Move to improve: Better economic conditions for offshore exploration and oil and gas exporters

November 20, 2013

Russia has recently cut taxes on tight hydrocarbons and sought to improve economic conditions for offshore exploration and oil and gas exporters. Alexander Novak was appointed minister of energy of Russia in May 2012. In this interview, he explains the thinking behind Russia’s latest efforts to stimulate the market. The Russian Ministry of Energy was established in 2008 and is responsible for the development of country’s energy policy.

What measures has the government taken to create more opportunities for foreign investment and stimulate production from new oilfields?

Our priorities include the active development of extraction technology for hard-to-recover oil and gas reserves, technologies of gas liquefaction and increase of the depth of hydrocarbons processing.
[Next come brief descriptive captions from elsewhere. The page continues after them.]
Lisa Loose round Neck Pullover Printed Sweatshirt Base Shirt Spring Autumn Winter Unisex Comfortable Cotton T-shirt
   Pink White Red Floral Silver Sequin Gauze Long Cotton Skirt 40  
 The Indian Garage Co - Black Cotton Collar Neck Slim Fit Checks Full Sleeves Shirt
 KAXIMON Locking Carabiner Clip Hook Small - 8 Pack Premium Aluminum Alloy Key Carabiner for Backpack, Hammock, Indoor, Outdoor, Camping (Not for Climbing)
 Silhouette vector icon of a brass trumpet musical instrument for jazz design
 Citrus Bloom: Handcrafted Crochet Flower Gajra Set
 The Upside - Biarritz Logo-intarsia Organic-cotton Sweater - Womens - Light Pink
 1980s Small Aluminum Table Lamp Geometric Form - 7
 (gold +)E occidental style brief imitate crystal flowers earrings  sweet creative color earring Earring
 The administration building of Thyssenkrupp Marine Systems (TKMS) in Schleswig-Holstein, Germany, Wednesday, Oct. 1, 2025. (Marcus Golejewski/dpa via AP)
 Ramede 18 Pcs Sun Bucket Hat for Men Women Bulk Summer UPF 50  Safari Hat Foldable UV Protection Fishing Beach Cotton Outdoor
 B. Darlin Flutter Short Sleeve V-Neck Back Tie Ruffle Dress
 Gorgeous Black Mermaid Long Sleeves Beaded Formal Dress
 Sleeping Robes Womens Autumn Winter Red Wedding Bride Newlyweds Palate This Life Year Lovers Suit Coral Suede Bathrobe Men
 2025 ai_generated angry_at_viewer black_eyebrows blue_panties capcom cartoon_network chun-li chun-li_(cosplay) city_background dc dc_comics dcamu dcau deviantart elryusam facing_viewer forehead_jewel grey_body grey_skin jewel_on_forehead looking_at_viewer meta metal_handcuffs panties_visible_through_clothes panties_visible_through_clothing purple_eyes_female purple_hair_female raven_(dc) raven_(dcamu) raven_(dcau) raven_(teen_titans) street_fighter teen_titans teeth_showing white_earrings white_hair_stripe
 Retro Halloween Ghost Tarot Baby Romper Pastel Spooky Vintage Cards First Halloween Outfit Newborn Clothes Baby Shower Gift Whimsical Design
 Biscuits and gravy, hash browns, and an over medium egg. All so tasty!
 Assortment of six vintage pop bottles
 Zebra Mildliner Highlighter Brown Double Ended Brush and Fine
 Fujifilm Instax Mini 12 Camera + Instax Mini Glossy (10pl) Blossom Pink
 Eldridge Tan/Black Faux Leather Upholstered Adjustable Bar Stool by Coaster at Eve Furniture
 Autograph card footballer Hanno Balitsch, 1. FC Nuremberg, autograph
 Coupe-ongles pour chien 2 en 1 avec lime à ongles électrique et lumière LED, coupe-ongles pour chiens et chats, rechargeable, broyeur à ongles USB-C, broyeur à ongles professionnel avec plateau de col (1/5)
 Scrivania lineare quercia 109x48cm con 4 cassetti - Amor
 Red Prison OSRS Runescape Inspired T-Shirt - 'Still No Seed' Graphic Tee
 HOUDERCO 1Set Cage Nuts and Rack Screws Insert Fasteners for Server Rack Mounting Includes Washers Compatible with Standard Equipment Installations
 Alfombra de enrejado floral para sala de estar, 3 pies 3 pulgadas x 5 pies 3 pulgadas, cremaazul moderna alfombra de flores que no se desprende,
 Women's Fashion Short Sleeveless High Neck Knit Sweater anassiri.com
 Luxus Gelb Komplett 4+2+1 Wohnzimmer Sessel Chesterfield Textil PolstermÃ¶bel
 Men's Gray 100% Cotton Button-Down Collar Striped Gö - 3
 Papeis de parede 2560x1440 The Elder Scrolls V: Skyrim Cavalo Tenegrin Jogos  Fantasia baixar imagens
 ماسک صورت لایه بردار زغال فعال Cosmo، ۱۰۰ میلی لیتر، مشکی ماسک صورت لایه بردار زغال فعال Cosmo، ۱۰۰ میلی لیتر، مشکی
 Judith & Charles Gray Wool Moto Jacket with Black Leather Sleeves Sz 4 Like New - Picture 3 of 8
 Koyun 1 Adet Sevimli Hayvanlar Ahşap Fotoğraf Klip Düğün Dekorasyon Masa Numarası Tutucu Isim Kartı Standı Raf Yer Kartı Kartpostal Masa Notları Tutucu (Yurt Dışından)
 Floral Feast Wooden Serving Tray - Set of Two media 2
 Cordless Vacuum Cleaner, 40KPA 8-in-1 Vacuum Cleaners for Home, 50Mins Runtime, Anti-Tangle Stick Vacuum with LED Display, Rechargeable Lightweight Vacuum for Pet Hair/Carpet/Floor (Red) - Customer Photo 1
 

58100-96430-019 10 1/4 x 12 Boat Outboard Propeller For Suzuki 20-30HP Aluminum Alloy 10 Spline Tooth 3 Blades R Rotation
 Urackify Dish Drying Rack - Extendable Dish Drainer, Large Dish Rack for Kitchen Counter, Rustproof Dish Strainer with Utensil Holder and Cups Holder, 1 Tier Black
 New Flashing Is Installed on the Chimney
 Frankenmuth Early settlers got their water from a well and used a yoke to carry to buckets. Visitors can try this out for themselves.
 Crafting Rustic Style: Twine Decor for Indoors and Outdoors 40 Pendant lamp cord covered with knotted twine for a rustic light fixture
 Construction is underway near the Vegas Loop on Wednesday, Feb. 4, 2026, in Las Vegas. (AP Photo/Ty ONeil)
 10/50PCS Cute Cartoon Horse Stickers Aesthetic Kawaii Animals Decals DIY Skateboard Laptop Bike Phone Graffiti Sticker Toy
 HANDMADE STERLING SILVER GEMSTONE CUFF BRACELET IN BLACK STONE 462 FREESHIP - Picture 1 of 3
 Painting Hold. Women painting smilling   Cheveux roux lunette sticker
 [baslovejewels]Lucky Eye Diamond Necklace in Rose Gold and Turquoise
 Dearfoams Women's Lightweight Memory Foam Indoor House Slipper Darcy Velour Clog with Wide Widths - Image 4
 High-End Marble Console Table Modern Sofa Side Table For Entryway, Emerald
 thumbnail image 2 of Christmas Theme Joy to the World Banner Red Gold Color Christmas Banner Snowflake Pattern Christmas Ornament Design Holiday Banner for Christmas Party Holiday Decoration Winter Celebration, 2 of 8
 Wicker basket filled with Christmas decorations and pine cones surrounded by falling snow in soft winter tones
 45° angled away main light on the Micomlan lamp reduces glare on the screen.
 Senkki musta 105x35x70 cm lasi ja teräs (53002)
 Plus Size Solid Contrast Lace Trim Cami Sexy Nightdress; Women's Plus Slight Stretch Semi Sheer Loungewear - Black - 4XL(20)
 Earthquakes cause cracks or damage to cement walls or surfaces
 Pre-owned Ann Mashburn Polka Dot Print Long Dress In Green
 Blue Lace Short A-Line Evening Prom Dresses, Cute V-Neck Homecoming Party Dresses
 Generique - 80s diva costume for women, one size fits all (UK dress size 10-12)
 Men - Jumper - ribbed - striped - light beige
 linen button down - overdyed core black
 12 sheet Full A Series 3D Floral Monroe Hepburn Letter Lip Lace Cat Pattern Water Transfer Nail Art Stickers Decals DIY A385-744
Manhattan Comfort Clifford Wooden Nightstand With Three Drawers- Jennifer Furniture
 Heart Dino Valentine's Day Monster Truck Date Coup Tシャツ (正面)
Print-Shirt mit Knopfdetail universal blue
The government is actively working on improvement of the regulatory and legal framework. In 2013, we adopted a law on the tax regime for offshore projects that regulates a special procedure to calculate mineral extraction tax on the basis of the extracted reserves in the new raw hydrocarbons offshore fields. Aside from that, there will be further benefits on transport taxation and the corporate property tax, as well as tariff preferences by way of relief from Customs duty for specific categories of goods exported from the Russian Federation and produced during the development of new offshore fields.

How does Russia aim to maintain production from its mature oilfields?

To stimulate the production of hard-to-recover reserves, President Vladimir Putin signed Federal Law No. 213 to lower the tax on natural resources production rates applied for hard-to-recover oil reserves on July 23, 2013. The tax varies depending on the reservoirs’ permeability category, degree of depletion and the size of the oil-bearing formation. This law is a very important step for the development of new low-permeability deposits and also to keep up the level of production in mature oilfields located in already explored areas such as western Siberia. The rest of the world is currently developing hard-to-recover oil quite actively. The current share of tight oil in Russia’s total oil production is only 0.2 percent. The new legislation is expected to allow Russian companies to extract about 14.6 billion barrels of additional oil, mainly from the Tyumen and Bazhenov formations.

 

Russia plans to produce 40 million-50 million tonnes of LNG by 2020. How is the ministry prioritising its talks on Russian LNG exports?

We do not have oversight or co-ordination over companies that will have the right to export gas. As for new markets, in the near term, we can see that the use of LNG is increasing in Russia as it is elsewhere in the world. We have to be careful not to create unfair competition in markets where Russian companies already have a share, such as Europe. We are moving towards new markets such as the Asia-Pacific region.

The Federal Antimonopoly Service, the executive branch charged with upholding antitrust laws, favours maximum liberalisation of Russian LNG exports, but we believe that it is better to proceed more cautiously and build projects that have already been approved, such as the Novatek-led Yamal LNG project, which is expected to come on stream in 2016. The liberalisation of LNG exports has been co-ordinated and agreed upon by the Council of Ministers, and it is scheduled to go into force in January 2014.

The government approved the draft of the bill on October 30, 2013, and it must still pass through the State Duma. The amendments to the existing law require LNG export rights to be granted to all companies that are more than 50 percent state-owned and possess licences to develop offshore blocks, including in the Black and Azov seas, as well as in territorial and internal waters. The law also says LNG export rights may be extended to state subsidiaries in which state companies hold more than a 50-percent interest and that produce LNG.

What are the government’s priorities concerning the development of Russia’s petrochemicals industry?

We expect that by 2020, global petrochemicals production and consumption will have increased, by 65 million tonnes and 50 million tonnes respectively. This will intensify the competition in the only under-served market in the world, the Asia-Pacific region. Russian companies are set to compete with US and Middle Eastern companies to boost market share in that region.

To increase the competitiveness of the Russian petrochemicals industry, in February 2012, the Ministry of Energy approved a strategy for the development of the sector until 2030. In accordance with this plan, the share of the petroleum-based and gas-based feedstock refined by petrochemicals producers will almost double from current rates to reach 57 percent by 2030. This programme will add around $31 billion per year to Russia’s GDP, generate a $220-million increase in yearly tax returns and create 80,000 new jobs in petrochemicals production and related industry sectors.